**ACTIVITY**
Your copy should hold only the lines from the one with "Profuse small white" to the one with "Horse Color:Silver Brown", both included, each exactly as it stands below, with no pictures.

**RECORDS SHOWN**
++++++++++
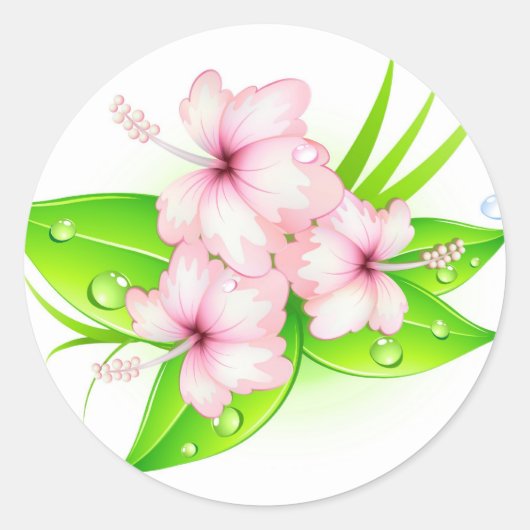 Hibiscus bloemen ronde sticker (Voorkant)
++++++++++
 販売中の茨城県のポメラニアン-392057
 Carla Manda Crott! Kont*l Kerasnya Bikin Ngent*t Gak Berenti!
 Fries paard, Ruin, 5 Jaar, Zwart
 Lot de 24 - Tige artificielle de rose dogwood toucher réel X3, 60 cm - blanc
++++++++++
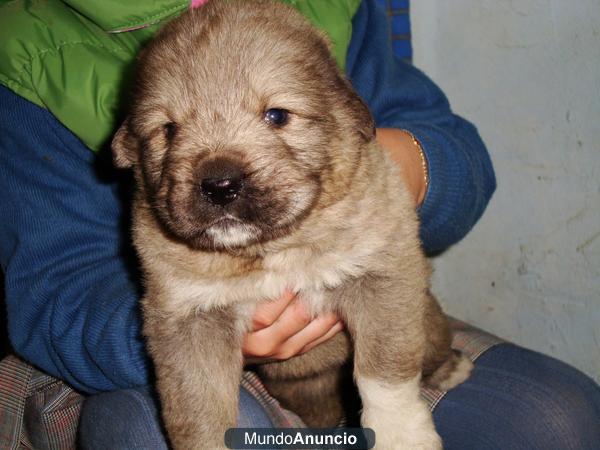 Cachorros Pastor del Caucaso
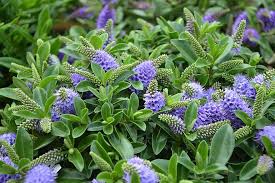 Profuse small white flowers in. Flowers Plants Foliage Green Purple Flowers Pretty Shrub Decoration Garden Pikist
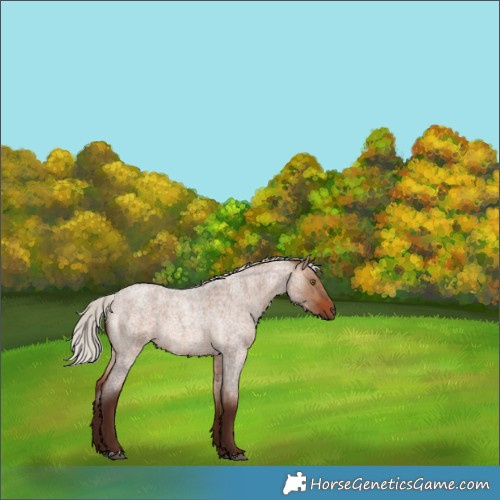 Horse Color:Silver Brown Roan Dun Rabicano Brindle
++++++++++
**FINISHED EXERCISE**
 Profuse small white flowers in. Flowers Plants Foliage Green Purple Flowers Pretty Shrub Decoration Garden Pikist
 Horse Color:Silver Brown Roan Dun Rabicano Brindle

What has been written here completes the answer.